У Достоевского, мастера слова-эмблемы, вбирающего в себя целый круг ассоциативных значений, есть словечки «казенщина» и «острог». И вот, эти слова связываются у него и с централизованным административным аппаратом из четырнадцати классов, созданным Петром I и вытеснившим ростки «земщины», самостоятельного местного управления («Государственная центральная идея у нас пересолила, через норму перешла <…> завела дружину для самосохранения, то есть чиновников, прежде же оно свободно относилось к народу и земского собора не боялось». – Из наброска 60-х годов). Те же словечки прилагает он и к «либеральным деспотам», желающим, чтобы народ просвещался точно по их указке, соответственно их сиюминутным представлениям о том, что есть «наука», а что – отживший предрассудок. Говорит он и о «красненькой казенщине» тех радикальных публицистов, которые точно знают, какой хирургической операцией они осчастливят народ, не спросив у него на это, разумеется, согласия. Все это – острог, острог! – символ предельной несвободы, жизненно выстраданный Достоевским в реальном остроге.
Достоевский часто повторял в ответ на упреки в ретроградности, что он куда либеральнее записных либералов. И, надо сказать, был прав. Памятником подлинно либеральной политической философии остается его публицистика почвеннического периода, в сравнении с «Дневником писателя» еще недостаточно оцененная: такие великолепные, будто сегодня написанные статьи, как «Г-н – бов и вопрос об искусстве», «Книжность и грамотность», «Два стана теоретиков». Идея почвенничества, как известно, заключалась в том, чтобы у интеллигенции, у образованного слоя, прошедшего европейскую выучку, но не удовлетворенного ею, и у народа, сохранившего сокровище христианской веры, но, по бедности и забитости своей, носящего «звериный образ», – чтобы у них нашлась точка схождения. Чтобы интеллигенция без высокомерия и предубеждения отнеслась у духовной копилке народа, а народ без опаски стал приобщаться к тем сторонам новейшего просвещения, которые органически для него приемлемы.
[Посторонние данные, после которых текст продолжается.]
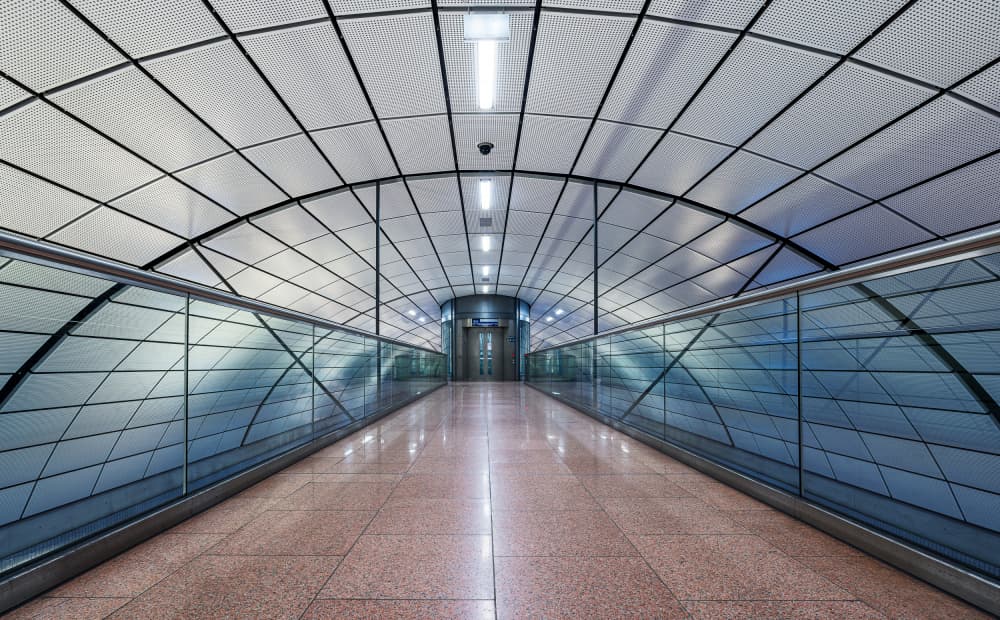 Bright Futuristic Corridor by Rene Tenteris — canvas wall art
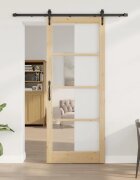 vidaXL Преплъзваща се врата 93 x 232 см Естествен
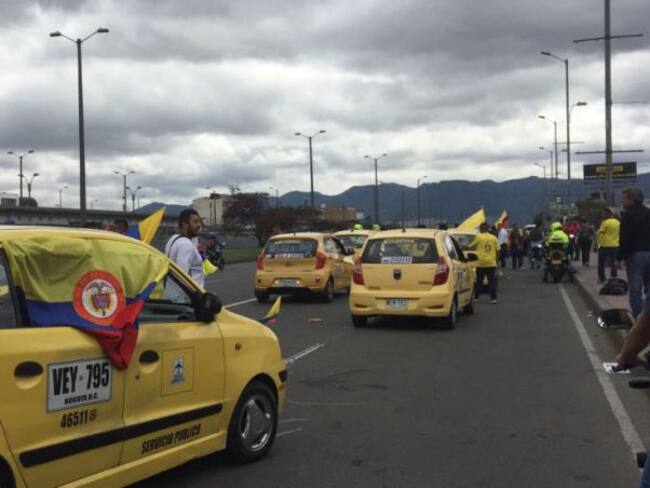 Paro de taxistas en Bogotá. Foto:
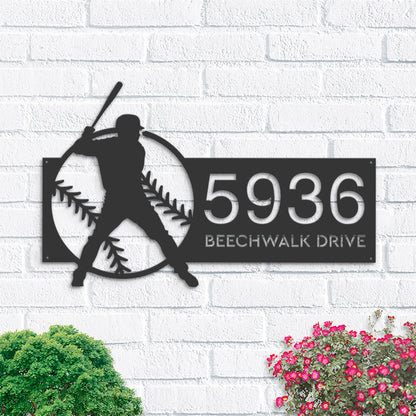 Personalized Baseball Player Metal Address Sign, House Number Plaque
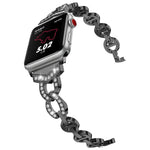 سوار ساعة بديل من الفولاذ المقاوم للصدأ الماسي لسلسلة Apple Watch، 7 بحجم 41مم / 6 و SE و 5 و 4 بحجم 40مم / 3 و 2 و 1 بحجم 38مم، 7 بحجم 45مم / 6 و SE و 5 و 4 بحجم 44مم / 3 و 2 و 1 بحجم 42مم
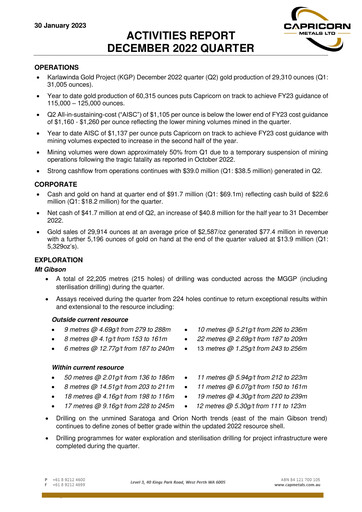 Thumbnail Capricorn Metals Quarterly Report 2022-2023-q2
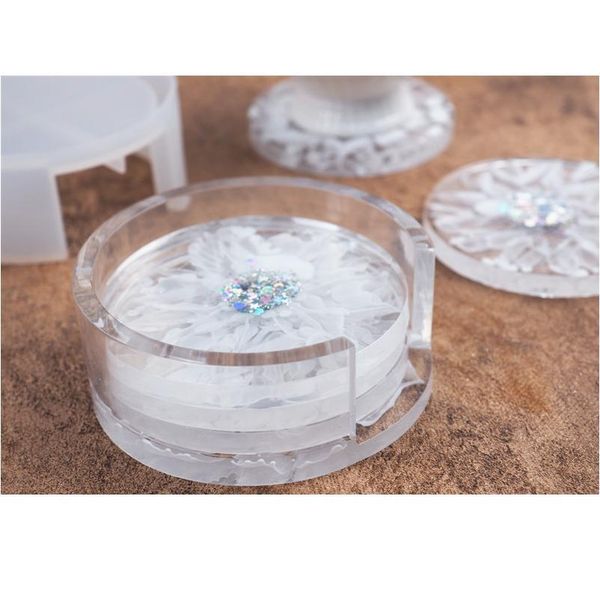 

round coaster sile mirror with coaster storage box for diy jewelry making casting moulds f bbyqfl, Black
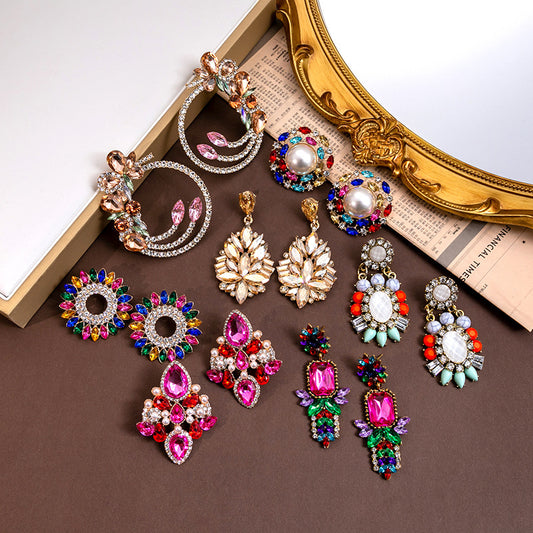 Wholesale Jewelry Vintage Style Round Water Droplets Rhombus Alloy Rhinestones Inlay Drop Earrings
Прекрасно, но в чем же тут либерализм, почитание свободы? В том, что Достоевский всеми силами пытался предупредить идейную диктатуру немногочисленного образованного слоя над огромной народной массой. Он хотел, чтобы просвещение, образование не превращалось в руках тех, кто держит от него ключи, в орудие – говоря современным социологическим языком –
Особенно наглядна, особенно бескорыстна эта забота Достоевского о духовной свободе народа, когда он спорит не с радикальным «Современником» (в этом случае можно еще подумать, что он отстаивает не только свободу как таковую, но по преимуществу свои политические взгляды), а когда разбирает, например, невиннейшую книжку для народа, некий «Читальник», изданный благонамеренным литератором Щербиной. Тут-то, в блистательной статье «Книжность и грамотность», Достоевский показывает, как, исходя из лучших побуждений, мнимолиберальный составитель учреждает опеку над сознанием читателя из народа, регламентирует его любознательность, унизительно подчеркивает его предполагаемую инфантильность, дает ему грубо адаптированные и предвзято сгруппированные обрывки сведений и вдобавок предлагает распространять в народе эту – как он сам догадывается – скучную и нежеланную книжку административным путем, говоря по-нашему – «в нагрузку». «Свобода! Свобода на первом месте! Зачем же навязывать?» – восклицает Достоевский. И рядом стоит фраза, исполненная глубокого философского смысла: «Не любит народ таких учителей, прямо становящихся перед ним его воспитателями и владетелями-просветителями». Двумя последними, им же подчеркнутыми, словами Достоевский предвосхитил своеобразное открытие XX века: что системы теоретизирующей мысли могут становиться системами идеологического господства («открытие» это принадлежит французским «новым философам», прошедшим через опыт майских событий 1968 года, и выражение «владетели-просветители» может показаться цитатой из какого-нибудь их сочинения).